Only the lines below from the one that contains "Fototapete colorful brain" through the one that contains "Regata Feminina Reta" should appear in your answer, exact and without pictures.

▸ **Records for processing**:
☆ ☆ ☆ ☆

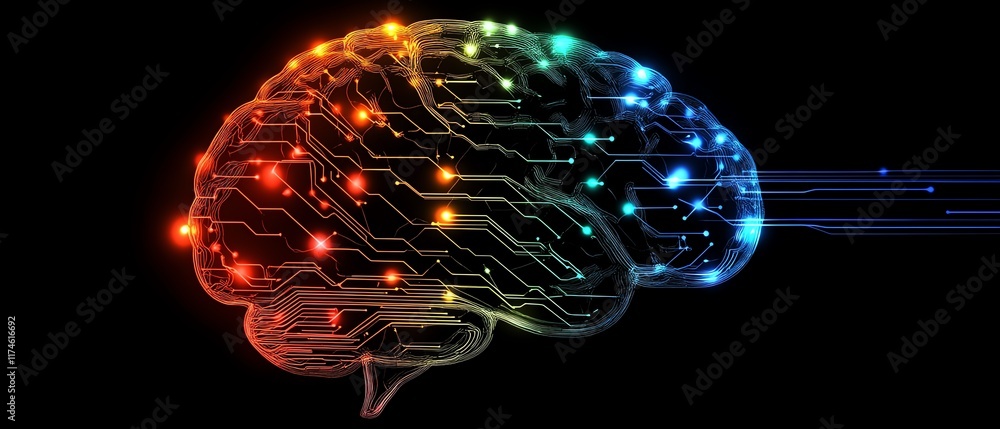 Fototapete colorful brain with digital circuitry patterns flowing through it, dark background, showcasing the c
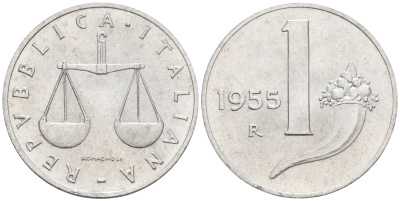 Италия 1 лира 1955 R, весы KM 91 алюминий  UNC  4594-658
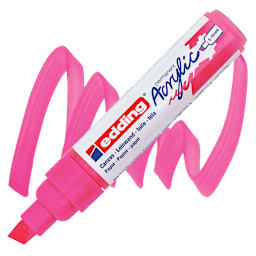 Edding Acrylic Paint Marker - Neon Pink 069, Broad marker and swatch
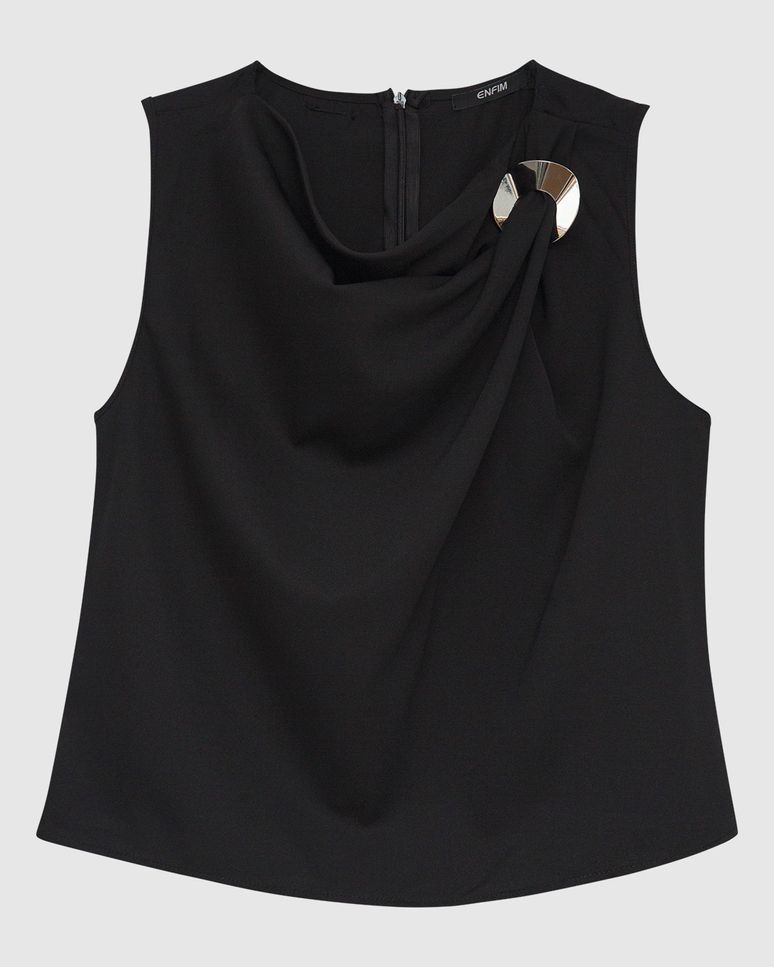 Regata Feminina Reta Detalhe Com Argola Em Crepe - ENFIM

☆ ☆ ☆ ☆

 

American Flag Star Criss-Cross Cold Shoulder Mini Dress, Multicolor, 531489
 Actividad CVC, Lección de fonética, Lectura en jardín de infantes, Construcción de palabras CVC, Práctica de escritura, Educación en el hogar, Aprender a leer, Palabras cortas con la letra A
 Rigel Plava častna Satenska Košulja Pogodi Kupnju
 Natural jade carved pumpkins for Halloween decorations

☆ ☆ ☆ ☆

▸ **Result of the exercise**:
 Fototapete colorful brain with digital circuitry patterns flowing through it, dark background, showcasing the c
 Италия 1 лира 1955 R, весы KM 91 алюминий  UNC  4594-658
 Edding Acrylic Paint Marker - Neon Pink 069, Broad marker and swatch
 Regata Feminina Reta Detalhe Com Argola Em Crepe - ENFIM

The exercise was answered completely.